Thorpe Bay is an area of the city of Southend-on-Sea, in the City of Southend-on-Sea, in the ceremonial county of Essex, England. located on the Thames Estuary. Thorpe Bay is situated within the Thorpe ward of Southend-on-Sea. It is around 4 miles to the east of Southend. Originally the area was called Thorpe, but it was renamed Thorpe Bay, after the railway station. The station had been given the name to indicate that it was a seaside settlement.
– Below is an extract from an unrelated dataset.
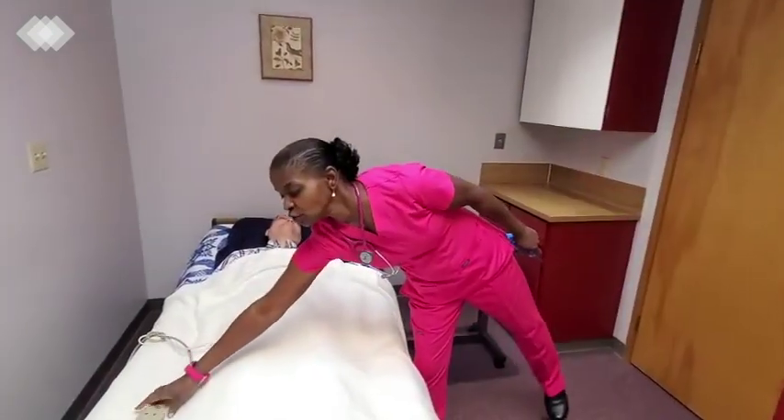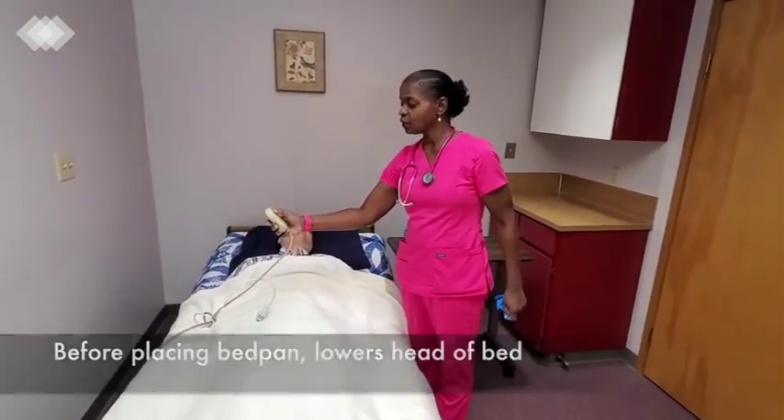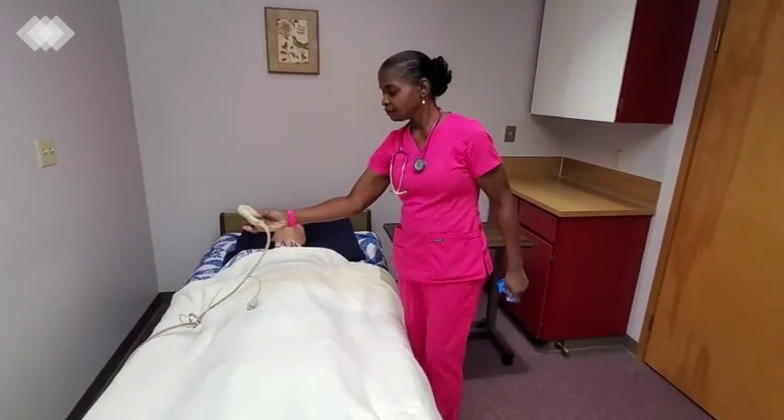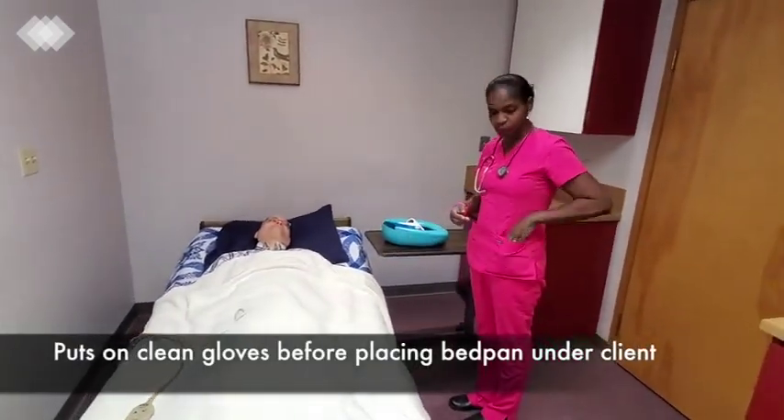I will make sure that his bed head is lowered. Before I put the bedpan under Peter, I will put on my gloves.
The majority of Thorpe Bay consists of residential properties, mainly built in the 1920s, arranged in a grid pattern.

==Location==
Thorpe Bay can be defined as the area between the eastern side of Thorpe Hall Avenue to the west (beyond which is Southchurch), Thorpe Bay beach to the south, Maplin Way to the east, (beyond which is Shoeburyness), up to Station Road (beyond which is Bournes Green).

==Shopping==
The main shopping area, named 'The Broadway' – after the road on which it lies – is a parade of retail shops and restaurants, as well as medical and professional practices.

==Transport==
Thorpe Bay railway station is the penultimate station on the London, Tilbury and Southend line served by c2c from London Fenchurch Street (the last being Shoeburyness railway station). Consequently, a large number of London commuters choose to live in Thorpe Bay. Thorpe Bay enjoys good access by bus, provided by Arriva Shires & Essex including the number 1, 4(a), 7, 8 and 9. In 1914, Southend-on-Sea Corporation Tramways' network was extended from Bournes Green to Thorpe Bay. The tramway closed in 1942 after being superseded by the motorbus.

==Leisure==
Thorpe Bay has one of Southend-on-Sea's exclusive golf courses, the Thorpe Hall Golf Club. Thorpe Bay Bowling Club and Lawn Tennis Club are close together on the north side of Thorpe Esplanade (the main road along the seafront). As well as these clubs, Thorpe Bay Yacht Club is also situated along the seafront, to the eastern end of Thorpe Bay. These clubs are private organisations open for annual membership. Thorpe Bay does not have a cinema, a theatre or any other major cultural amenities, but leisure organisations, in addition to those already mentioned, include Thorpe Bay Bridge Club, The Rotary Club of Thorpe Bay and a well-equipped fitness gym.

==Politics==
James Duddridge MP, representing the Conservative Party, has been Thorpe Bay's member of parliament since 2005. Thorpe Bay is part of the Thorpe Ward of Southend-on-Sea. The ward currently has three independent councillors. These are Cllr Ron Woodley, Cllr Mike Stafford and Cllr Martin Terry.

==Schools==
Thorpe Bay has a few schools, such as Bournes Green Infants and Junior School, which lies just above the Station Road northern boundary; and Thorpe Hall School, a non-selective, coeducational, private day school.

==Religion==
There has been a church in Thorpe Bay since 1913. The three churches in Thorpe Bay include St. Augustine's Parish Church (Anglican) on St. Augustine's Avenue, designed in 1937 and built under the consultation of Sir Charles Nicholson; Thorpe Bay Methodist Church on The Broadway, whose architectural predecessor was erected in 1921; and St. Gregory's Roman Catholic Chapel of Ease, opened in 1928, which sits opposite the Methodist church on The Broadway.

==Notable residents==

- James Duddridge, MP for Rochford and Southend East, lives in, and is MP for Thorpe Bay.
- Mark Foster, lived in Thorpe Bay and was educated at Alleyn Court School.
- Jim Peters, marathon runner, was a resident of Thorpe Bay until his death on 9 January 1999, aged 80.
- Rachel Riley, co-presenter on the Channel 4 gameshow Countdown, also lives in the area.
- Frederick Adam Wright, a Birkbeck College professor of Classics, was living at "Kalomba" in Thorpe Bay by 1921.